Мне говорят, что жизнь уникально одарила меня возможностями. Но, думая о жизни других людей, я нахожу, что они, ничего не видя и не слыша, разгуливают по саду возможностей, многие из которых так и манят к себе: «Эй, вы, идите сюда! Послушайте, вас ждет новый друг. Здесь открывается новый путь, по которому вы можете пойти, свежая роль, которую вы можете сыграть. Ну давайте же, будьте повнимательнее». Но несмотря ни на что, люди бредут по этому саду как лунатики и бормочут себе под нос: «Ничего, ничегошеньки не происходит». И лишь, когда возможность войти в большую жизнь сама бросается под ноги, они на нее натыкаются. Я жила мифической жизнью, потому что краем глаза улавливала летучий проблеск возможности, говорила риску «да» и искала приключений. Конечно, всему этому предшествовало мое принятие жизни как чего-то по сути мифического, отношение к ней, по определению поэта Кристофера Фрайя, как к «проникновению в Бога».

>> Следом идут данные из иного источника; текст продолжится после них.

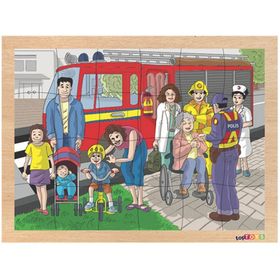 Toptoys CS-7048S 24 Parça Bize Yardım Edenler Ahşap Puzzle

Именно так я уверовала в то, что жизнь породнена с мифом затем, чтобы мы могли идти вперед по пути развития, приближающему нас к духовному источнику, зовущему нас стать чем-то большим, нежели мы есть. Ради этой цели миф остается для нас таким же важным, как дыхание, как руки и ноги. Я считаю, что он часть нас самих. Миф — это отнюдь не ничто, не какая-то незначительная концептуальная неуловимость. Он закодирован в наших клетках и наполняет моря нашего подсознания. Он пребывает в нашем мизинце и играет в позвоночнике так же, как дух. Он обеспечивает нам доступ к ДНК человеческой души, исходным структурам, лежащим в основе нашего бытия. Он дает нам ключ к нашему личному и историческому существованию. Без мифического ключа у нас бы не было ни культуры, ни религии, ни искусства; мы бы остались без архитектуры, драмы, эпоса, ритуалов, социальных обычаев и умственных расстройств. Нас окружал бы серый тоскливый мир, в котором ничто не увлекало бы в эту таинственную и прекрасную страну, бегущую от нас прочь, когда мы пытаемся ее обжить.